[[ INFORMATION PROVIDED, beginning ]]

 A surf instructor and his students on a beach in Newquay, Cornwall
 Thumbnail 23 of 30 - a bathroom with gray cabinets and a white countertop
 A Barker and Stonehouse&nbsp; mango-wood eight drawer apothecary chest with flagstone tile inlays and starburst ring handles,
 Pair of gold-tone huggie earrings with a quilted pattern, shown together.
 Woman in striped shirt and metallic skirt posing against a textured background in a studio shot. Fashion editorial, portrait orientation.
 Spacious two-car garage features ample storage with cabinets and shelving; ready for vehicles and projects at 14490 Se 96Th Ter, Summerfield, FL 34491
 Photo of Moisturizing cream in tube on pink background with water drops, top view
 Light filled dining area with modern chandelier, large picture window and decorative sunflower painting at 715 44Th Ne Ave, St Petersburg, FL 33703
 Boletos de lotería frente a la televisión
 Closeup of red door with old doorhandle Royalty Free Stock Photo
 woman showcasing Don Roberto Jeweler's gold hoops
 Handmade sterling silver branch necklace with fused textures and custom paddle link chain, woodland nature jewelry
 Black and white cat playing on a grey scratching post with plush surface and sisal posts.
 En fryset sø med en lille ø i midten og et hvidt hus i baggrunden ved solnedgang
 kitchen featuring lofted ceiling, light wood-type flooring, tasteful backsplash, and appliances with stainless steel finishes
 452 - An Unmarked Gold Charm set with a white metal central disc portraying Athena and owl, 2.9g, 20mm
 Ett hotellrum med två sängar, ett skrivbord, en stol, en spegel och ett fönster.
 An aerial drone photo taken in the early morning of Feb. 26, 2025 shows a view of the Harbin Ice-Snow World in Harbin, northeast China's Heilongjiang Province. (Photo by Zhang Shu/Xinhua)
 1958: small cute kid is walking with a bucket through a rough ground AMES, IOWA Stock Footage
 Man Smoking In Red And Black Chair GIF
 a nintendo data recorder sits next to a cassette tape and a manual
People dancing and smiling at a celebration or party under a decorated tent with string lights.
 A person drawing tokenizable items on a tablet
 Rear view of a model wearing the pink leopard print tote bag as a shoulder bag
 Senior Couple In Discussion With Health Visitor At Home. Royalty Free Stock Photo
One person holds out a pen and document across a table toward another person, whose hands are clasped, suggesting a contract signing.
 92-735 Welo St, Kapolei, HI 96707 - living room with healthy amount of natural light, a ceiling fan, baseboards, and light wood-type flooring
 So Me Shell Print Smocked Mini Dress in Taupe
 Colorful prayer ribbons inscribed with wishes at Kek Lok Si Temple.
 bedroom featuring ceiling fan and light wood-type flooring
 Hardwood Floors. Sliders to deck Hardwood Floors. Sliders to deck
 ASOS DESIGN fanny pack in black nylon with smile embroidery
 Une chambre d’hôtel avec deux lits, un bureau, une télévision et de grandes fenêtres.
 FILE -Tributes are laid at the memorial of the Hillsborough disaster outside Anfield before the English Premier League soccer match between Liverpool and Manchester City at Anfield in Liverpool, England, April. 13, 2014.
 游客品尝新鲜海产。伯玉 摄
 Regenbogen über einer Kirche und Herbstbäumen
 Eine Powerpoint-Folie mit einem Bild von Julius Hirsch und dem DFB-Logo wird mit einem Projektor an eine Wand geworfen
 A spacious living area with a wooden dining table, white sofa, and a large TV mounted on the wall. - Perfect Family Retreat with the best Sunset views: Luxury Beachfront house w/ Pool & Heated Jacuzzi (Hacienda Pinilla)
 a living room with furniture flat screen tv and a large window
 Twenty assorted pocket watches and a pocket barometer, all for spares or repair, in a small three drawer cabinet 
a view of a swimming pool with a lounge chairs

[[ INFORMATION PROVIDED, end ]]

→ WHAT THE TASK REQUIRES
Extract exactly and only the lines above from the line containing "452 - An Unmarked" through the line containing "Rear view of", both end lines included.

→ RESPONSE
 452 - An Unmarked Gold Charm set with a white metal central disc portraying Athena and owl, 2.9g, 20mm
 Ett hotellrum med två sängar, ett skrivbord, en stol, en spegel och ett fönster.
 An aerial drone photo taken in the early morning of Feb. 26, 2025 shows a view of the Harbin Ice-Snow World in Harbin, northeast China's Heilongjiang Province. (Photo by Zhang Shu/Xinhua)
 1958: small cute kid is walking with a bucket through a rough ground AMES, IOWA Stock Footage
 Man Smoking In Red And Black Chair GIF
 a nintendo data recorder sits next to a cassette tape and a manual
People dancing and smiling at a celebration or party under a decorated tent with string lights.
 A person drawing tokenizable items on a tablet
 Rear view of a model wearing the pink leopard print tote bag as a shoulder bag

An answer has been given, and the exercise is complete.